La leadership e il processo decisionale sono tra le principali sfide che lo sport deve affrontare in termini di uguaglianza di genere. Il principio di gender equality è condiviso da molti e citato spesso nei documenti istituzionali, ma al pratico trova raramente un riscontro.
In Italia, su 44 federazioni sportive c’è solo una donna ai vertici, la neoeletta Antonella Granata, prima storica presidentessa di una federazione sportiva nazionale, quella dello Squash. Di recente sono salite da 4 a 13 le vicepresidenti di federazione, tuttavia il numero di quote rosa con effettivo potere decisionale resta ancora molto basso. E anche in Europa la situazione resta critica con una sola donna presidente (Hockey) contro 27 uomini.

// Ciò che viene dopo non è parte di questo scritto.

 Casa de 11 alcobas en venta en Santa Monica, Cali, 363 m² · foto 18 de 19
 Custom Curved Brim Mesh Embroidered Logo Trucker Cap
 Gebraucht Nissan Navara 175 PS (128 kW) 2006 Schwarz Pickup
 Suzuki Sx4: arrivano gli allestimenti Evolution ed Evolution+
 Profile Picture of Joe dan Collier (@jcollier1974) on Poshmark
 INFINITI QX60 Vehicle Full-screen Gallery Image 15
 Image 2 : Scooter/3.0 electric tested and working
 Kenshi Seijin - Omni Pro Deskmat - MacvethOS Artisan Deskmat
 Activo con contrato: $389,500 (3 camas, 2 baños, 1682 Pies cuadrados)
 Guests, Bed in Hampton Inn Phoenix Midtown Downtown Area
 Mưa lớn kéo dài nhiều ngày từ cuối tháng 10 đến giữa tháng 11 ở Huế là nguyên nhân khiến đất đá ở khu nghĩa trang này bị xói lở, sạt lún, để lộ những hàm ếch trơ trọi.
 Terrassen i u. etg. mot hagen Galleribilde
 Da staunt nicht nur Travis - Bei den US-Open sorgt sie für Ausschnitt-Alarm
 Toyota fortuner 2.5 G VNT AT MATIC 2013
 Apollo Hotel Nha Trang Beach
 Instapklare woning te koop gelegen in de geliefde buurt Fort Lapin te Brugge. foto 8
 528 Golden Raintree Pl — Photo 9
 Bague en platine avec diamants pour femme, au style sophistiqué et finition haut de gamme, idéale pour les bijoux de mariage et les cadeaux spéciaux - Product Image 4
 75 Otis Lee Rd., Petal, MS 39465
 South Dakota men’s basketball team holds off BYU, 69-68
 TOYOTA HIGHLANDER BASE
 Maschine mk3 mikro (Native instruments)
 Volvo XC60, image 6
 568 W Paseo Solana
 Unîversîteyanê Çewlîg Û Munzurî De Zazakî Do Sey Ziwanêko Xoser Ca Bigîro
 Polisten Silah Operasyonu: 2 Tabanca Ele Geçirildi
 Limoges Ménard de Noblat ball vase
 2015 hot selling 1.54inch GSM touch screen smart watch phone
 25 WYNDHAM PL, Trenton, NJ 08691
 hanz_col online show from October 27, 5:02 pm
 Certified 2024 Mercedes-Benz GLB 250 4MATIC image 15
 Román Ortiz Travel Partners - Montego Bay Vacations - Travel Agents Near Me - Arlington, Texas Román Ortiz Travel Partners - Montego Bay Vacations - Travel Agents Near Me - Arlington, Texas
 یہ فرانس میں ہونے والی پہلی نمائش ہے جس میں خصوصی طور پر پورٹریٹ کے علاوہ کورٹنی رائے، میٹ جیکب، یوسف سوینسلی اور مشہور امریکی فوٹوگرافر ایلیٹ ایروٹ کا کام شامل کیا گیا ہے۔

Il CIO (Comitato Olimpico Internazionale) si sta impegnando sul tema, e ha dichiarato di porsi l’obiettivo della parità di genere ai Giochi Olimpici di Parigi 2024, dopo aver mosso i primi passi in questa direzione già a Tokyo 2021, dove si è raggiunto il 49% di atlete donne. Secondo il recente statement del CIO sulla gender equality, ad oggi le donne rappresentano il 37.5% fra i membri totali del CIO, il 33,3% nel IOC Executive Board (contro il 26,6% pre-Olympic Agenda), il 47,8% dei membri delle commissioni CIO (erano il 20,3% nella pre-Olympic Agenda) e il 53% nell’amministrazione del Comitato stesso.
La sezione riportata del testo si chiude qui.